Dump File Fetching: This is a static snapshot of all wiki pages, which is stored in a single compressed file (e.g., dewiktionary-latest-pages-articles.xml.bz2).

On this page

German Wiktionary Dump Files
- Latest Version
- Latest (alternative way) and Older Versions
Any Wiki Dump File
Should I download a multistream dump file or not?

German Wiktionary Dump Files¶

Latest Version¶

To download the latest dump file of the German Wiktionary, click here.
- This will download the compressed file: dewiktionary-latest-pages-articles-multistream.xml.bz2.
- The file is stored in this directory: https://dumps.wikimedia.org/dewiktionary/latest/.

Latest (alternative way) and Older Versions¶

If you need an older version of the Wiktionary dump, visit this directory: https://dumps.wikimedia.org/dewiktionary/.
- To download a specific version:
  - Navigate to the folder for the desired date.
  - A new window will open.
  - Look for the section titled Articles, templates, media/file descriptions, and primary meta-pages.
  - Select the file. The file name will follow the pattern: dewiktionary-YYYYMMDD-pages-articles.xml.bz2, where YYYYMMDD represents the dump date.
- Notes:
  - Older dumps are only retained for a few months.
  - You can also fetch the latest version from this directory by choosing the most recent date.

Any Wiki Dump File¶

Click on Database backup dumps.
Scroll down the page to find the domain of interest.
- For example, use enwiktionary for the English Wiktionary.
Click on the domain link, then look for the section titled Articles, templates, media/file descriptions, and primary meta-pages.
- The file you are looking for should end with -pages-articles.xml.bz2.

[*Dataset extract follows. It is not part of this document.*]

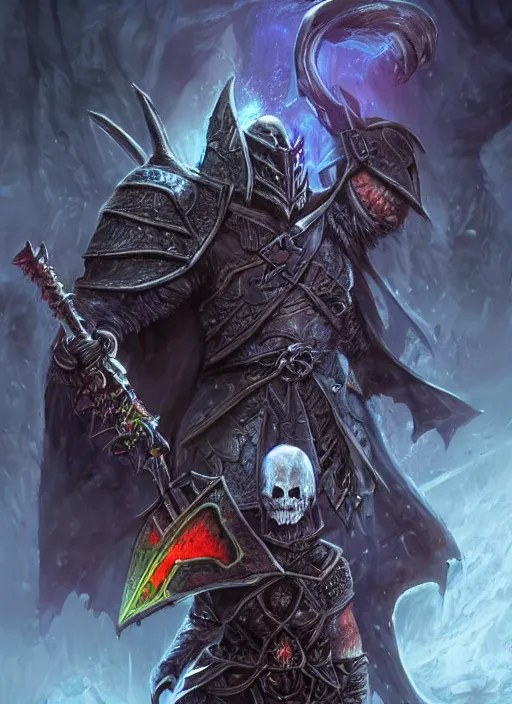 Prompt: death knight, ultra detailed fantasy, dndbeyond, bright, colourful, realistic, dnd character portrait, full body, pathfinder, pinterest, art by ralph horsley, dnd, rpg, lotr game design fanart by concept art, behance hd, artstation, deviantart, hdr render in unreal engine 5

Should I download a multistream dump file or not?¶

The files -pages-articles.xml.bz2 and multistream-pages-articles.xml.bz2 contain the same information. For our purposes here, either option will work just fine because we are working with a relatively small wiki database.

However, if you plan to work with a larger dump file in the future that exceeds your computer's memory capacity, you could download the multistream-pages-articles.xml.bz2 version. This would allow you to adjust your parsing strategy to process the data in smaller chunks.